===== Records supplied =====
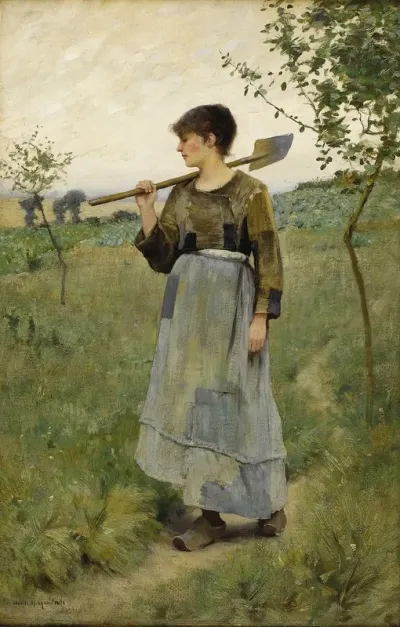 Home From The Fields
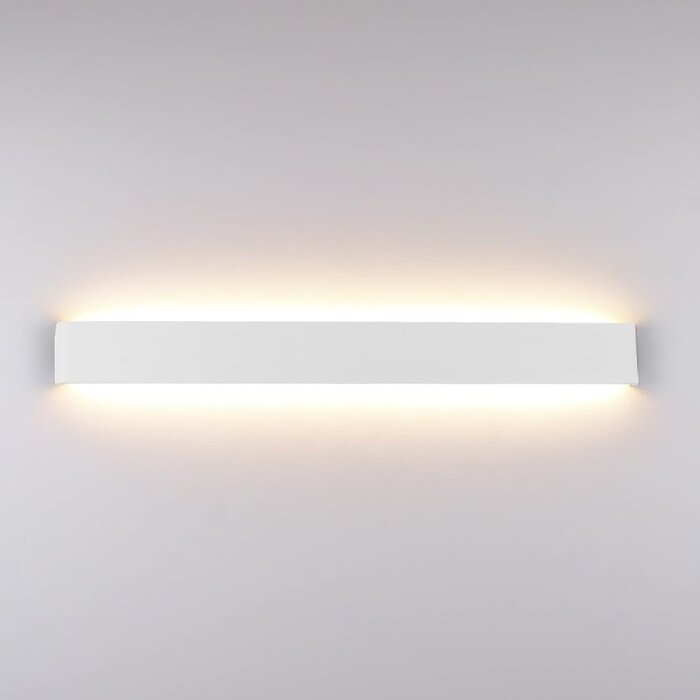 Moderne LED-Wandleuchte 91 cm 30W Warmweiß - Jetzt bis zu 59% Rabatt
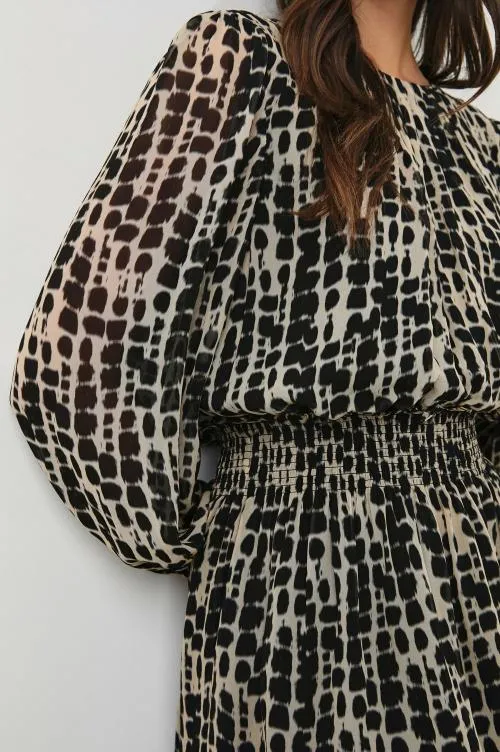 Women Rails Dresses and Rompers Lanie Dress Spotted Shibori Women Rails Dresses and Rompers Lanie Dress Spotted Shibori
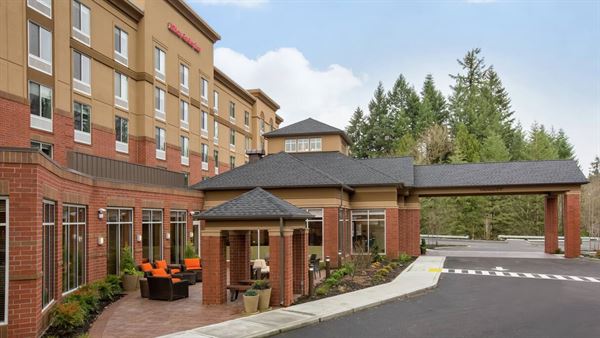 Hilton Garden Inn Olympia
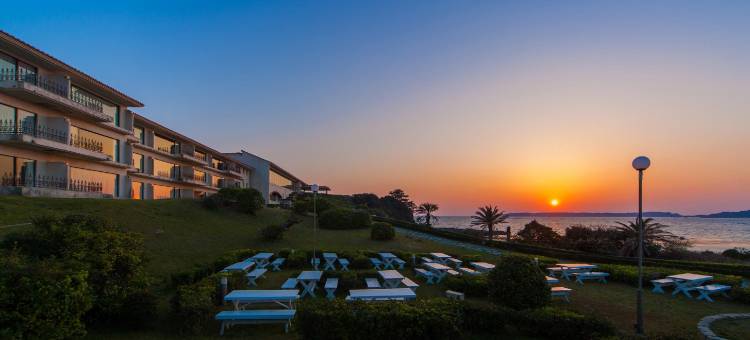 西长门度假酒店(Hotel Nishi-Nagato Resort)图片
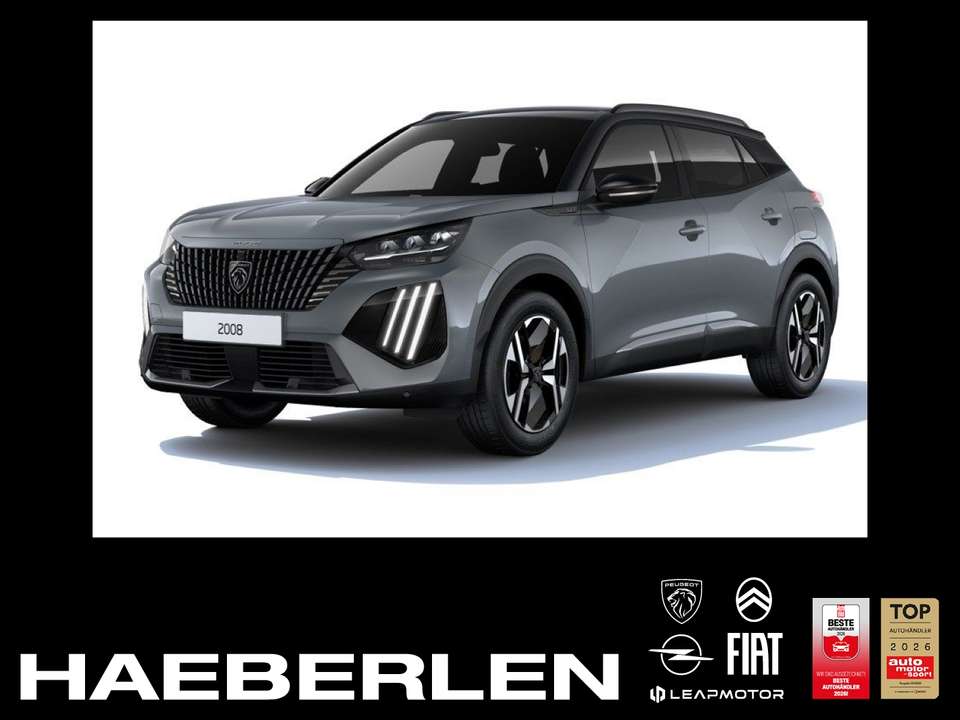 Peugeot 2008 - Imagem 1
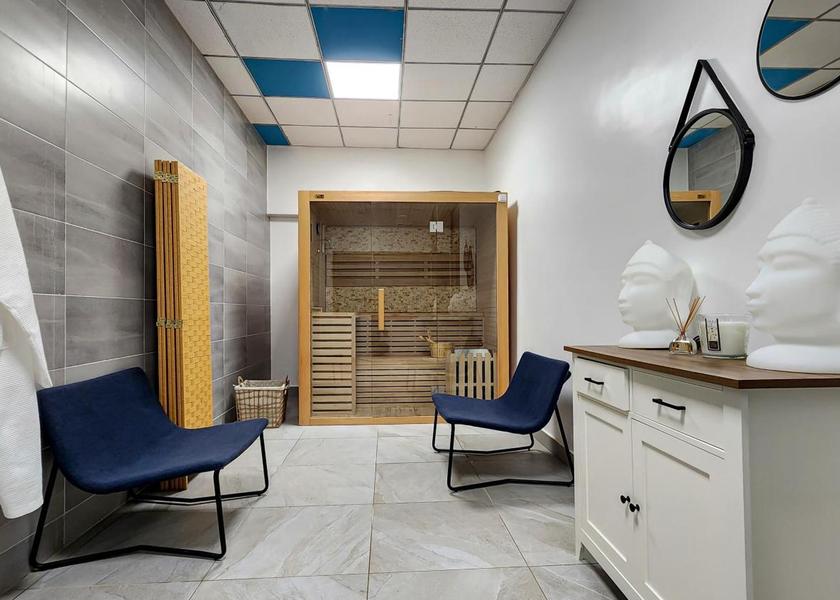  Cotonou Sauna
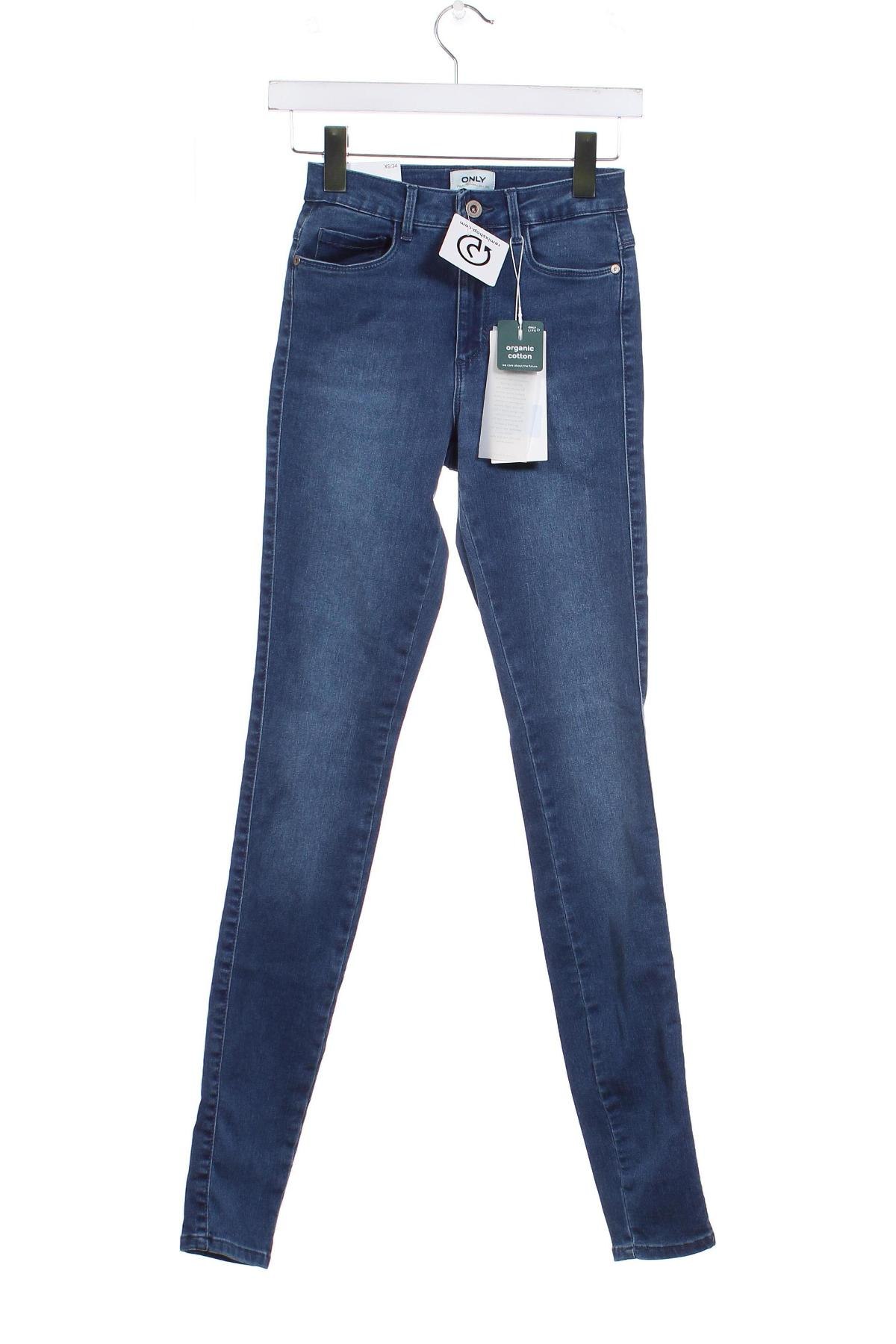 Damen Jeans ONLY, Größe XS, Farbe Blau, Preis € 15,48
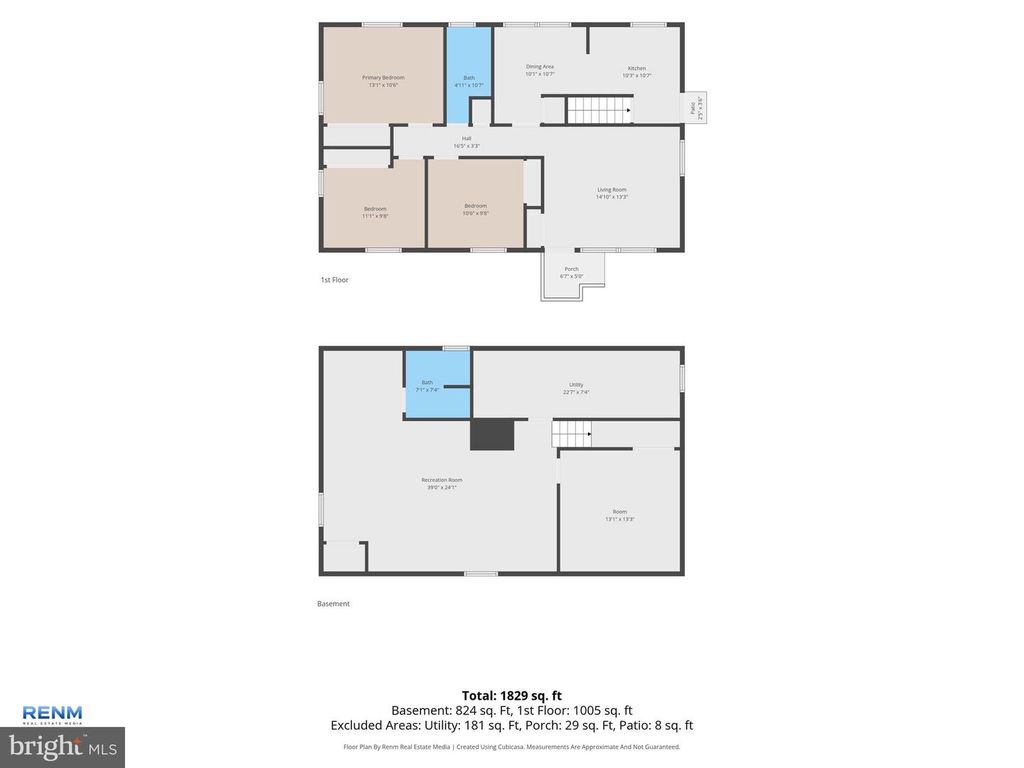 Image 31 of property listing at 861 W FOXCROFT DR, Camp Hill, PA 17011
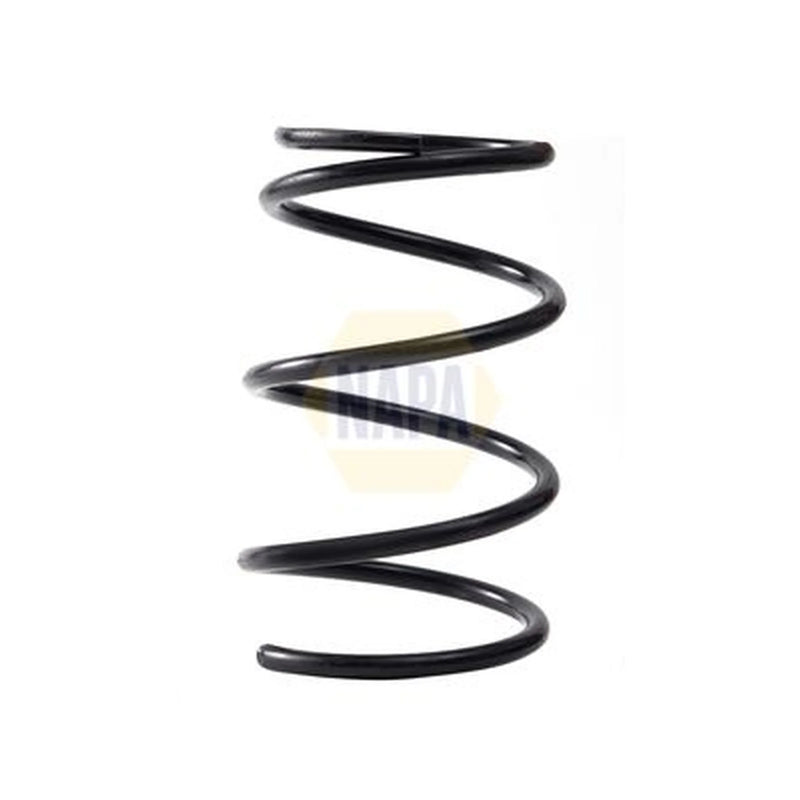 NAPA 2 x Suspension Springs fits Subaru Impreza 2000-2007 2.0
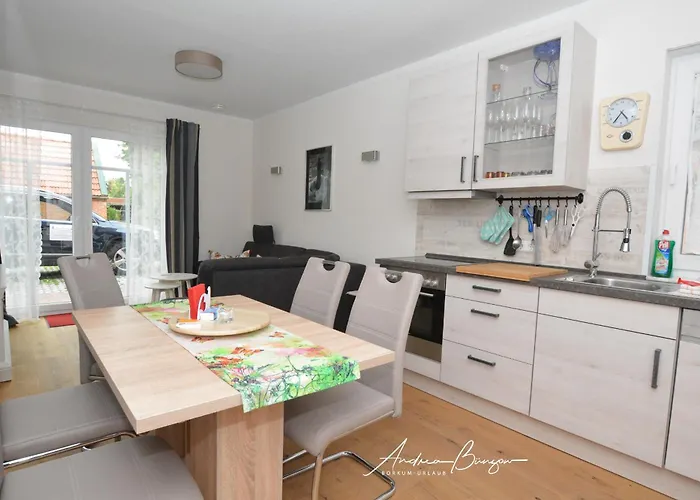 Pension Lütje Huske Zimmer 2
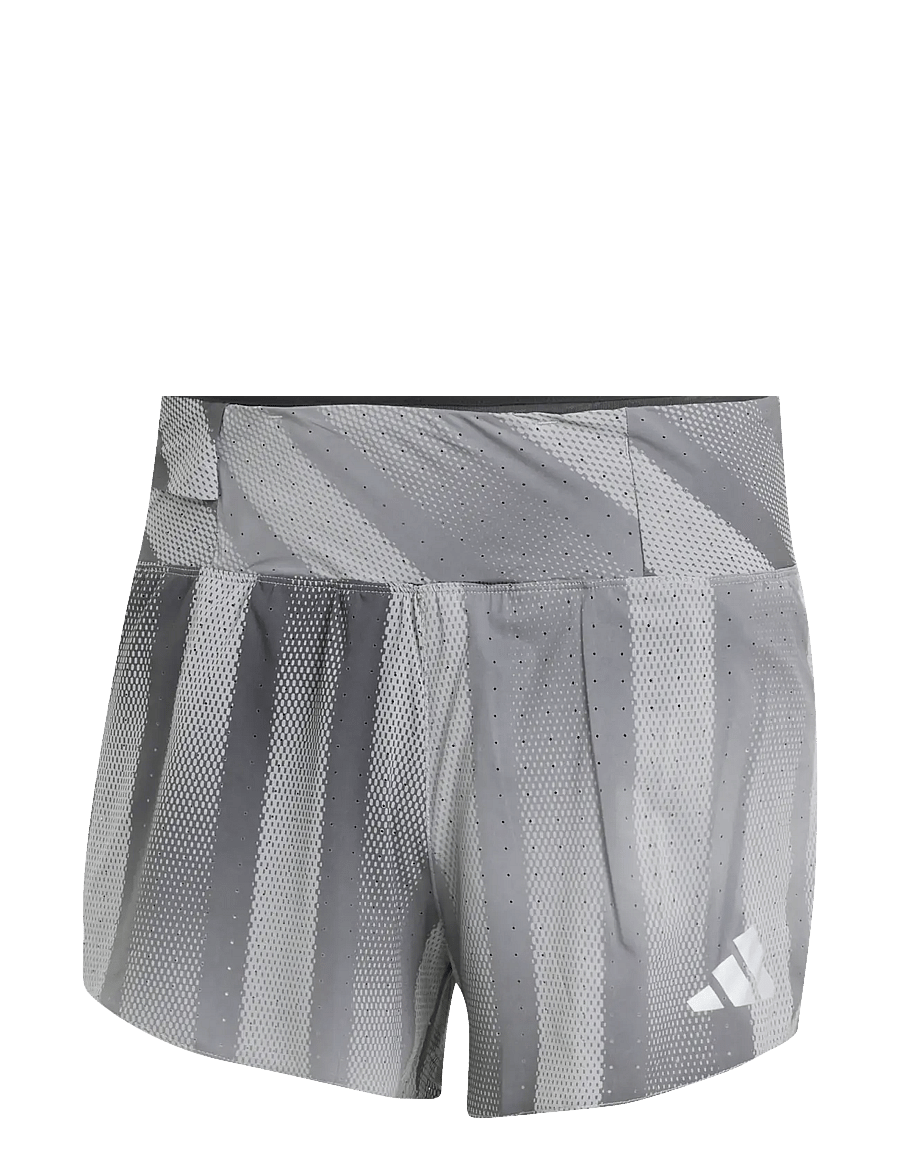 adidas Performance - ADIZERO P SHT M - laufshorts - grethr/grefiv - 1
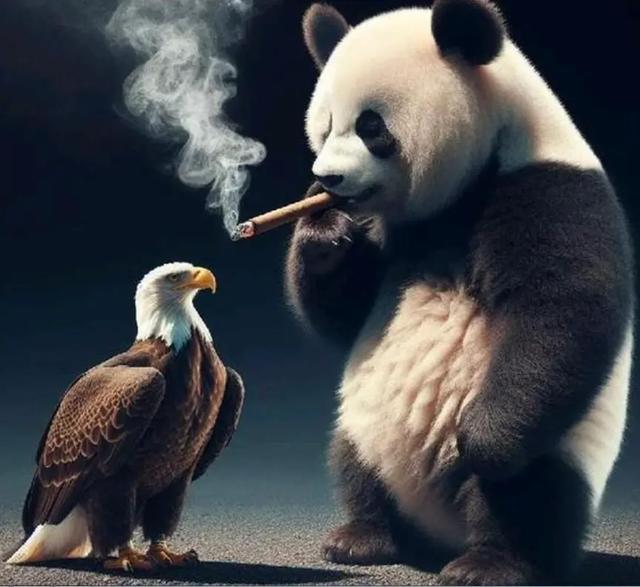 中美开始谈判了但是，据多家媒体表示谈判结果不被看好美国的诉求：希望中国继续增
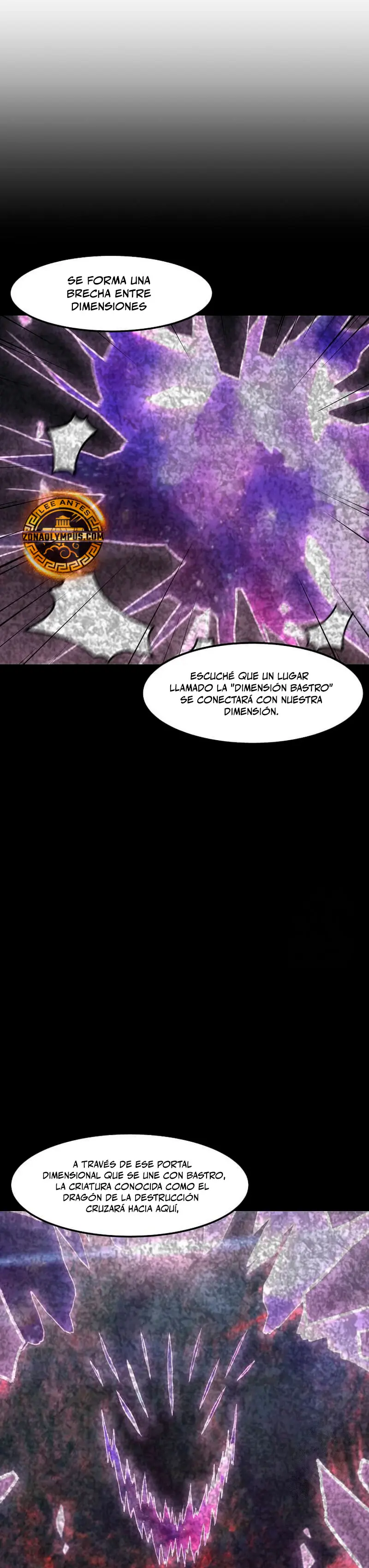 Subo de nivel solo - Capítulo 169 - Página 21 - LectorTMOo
=====
* Work request *
Beginning at the line with "Spotted Shibori Women" and ending at the last line of the listing above, retype each line exactly, including those two lines. Leave the pictures out.

* Your response *
 Women Rails Dresses and Rompers Lanie Dress Spotted Shibori Women Rails Dresses and Rompers Lanie Dress Spotted Shibori
 Hilton Garden Inn Olympia
 西长门度假酒店(Hotel Nishi-Nagato Resort)图片
 Peugeot 2008 - Imagem 1
  Cotonou Sauna
 Damen Jeans ONLY, Größe XS, Farbe Blau, Preis € 15,48
 Image 31 of property listing at 861 W FOXCROFT DR, Camp Hill, PA 17011
 NAPA 2 x Suspension Springs fits Subaru Impreza 2000-2007 2.0
 Pension Lütje Huske Zimmer 2
 adidas Performance - ADIZERO P SHT M - laufshorts - grethr/grefiv - 1
 中美开始谈判了但是，据多家媒体表示谈判结果不被看好美国的诉求：希望中国继续增
 Subo de nivel solo - Capítulo 169 - Página 21 - LectorTMOo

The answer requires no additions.